Chapter 12. Brief Pauses

This Saturday afternoon in December was a dismal and windy one. Sitting with Kay in front of the fireplace for a while, just watching the flames flickering, was pure contentment. Nothing much had to be done and, as we sipped our hot chocolate, nothing much had to be said.

I idly wondered what happens to a flame when it ceases to exist. If the lively flame at a certain place on a log should die out, but shortly from the same place on the log a flame should arise, would that be an utterly new flame or would it be a revival of the one that had been wavering there a moment before – that is, the same flame?

Kay interrupted this “profound” meditation with a well-calculated question. “Are you getting anywhere with the idea that time may be made up of itty bits?”

“I’m glad you asked me that question,” said I, grinning broadly with intentional triteness. “I’ve brought together a lot of reasoning that supports the possible discreteness of time. But the idea is probably one that only a parent could love. The notion that time actually comes in a rush of short bursts would likely strike most people as completely bizarre.”

“Try me,” she suggested.

I was about to launch my case when the house began to be pounded from outside by a swift and deafening whup-whup-whup-whup. We hurried out to the front porch and watched a big orange helicopter fly alarmingly low overhead.

Kay put her fingers in her ears and shouted her protest. “Why don’t they put mufflers on choppers? How do they get away with that infernal racket?”

As the whupping subsided into the distance, Kay exclaimed, “Oh look! Here come Jack and Marie. They look like they’ve been out walking. Let’s invite them in.”

Pointing to the departing helicopter, I called, “Hey Jack! What’s up?”

Jack waved his hand back down the street and explained, “The water’s plenty rough out there in the inlet. A small boat was being swamped. Search and Rescue must have called in a chopper for standby. We’ve been walking on the beach. It’s not too windy down there at the foot of the cliff, but the waves are really pounding in. I sure wouldn’t want to go overboard today!”

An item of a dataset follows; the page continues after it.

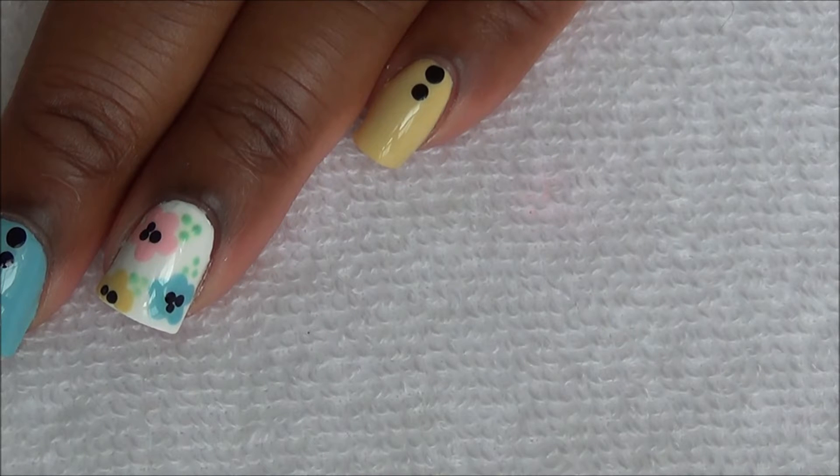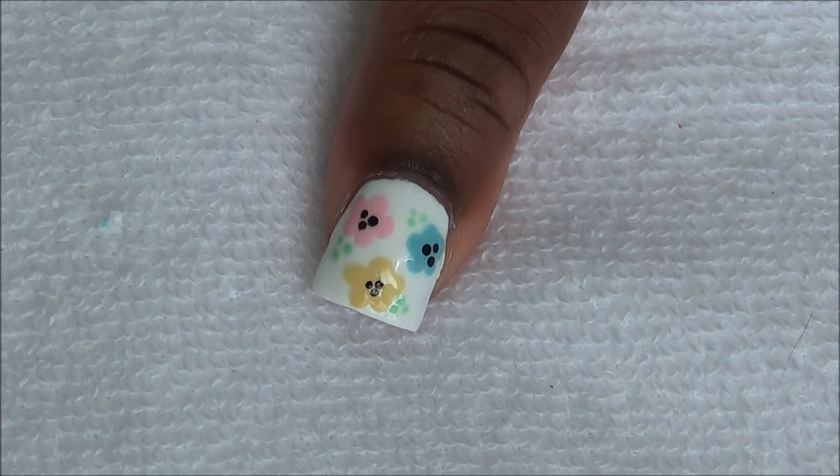Hi everyone, this is the nail art design we'll be working on today. These are the products that I used.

Kay said, “You must be chilled through. Come in for a hot cuppa – we’ve got a fire on.”

I added a few chunks of wood to the fire and we all settled down to enjoy the warmth and fresh coffee. When little more was to be said about the scene down at the inlet, Marie changed the subject.

“How are you and time getting along these days, John?”

Kay answered for me. “Just when that helicopter flew so low over the house, he was about to make a case for the idea that time actually comes as a succession of separate moments. Something, I guess, like the whup-whup-whup of that helicopter.”

I interrupted, “More like the tick-tick-tick of a watch, dear. Only noiselessly, like the silent flick-flick-flick of the changing pictures on a movie screen.”

“Sounds weird to me,” said Jack. “Everybody knows that time flows along smoothly from the past toward the future.”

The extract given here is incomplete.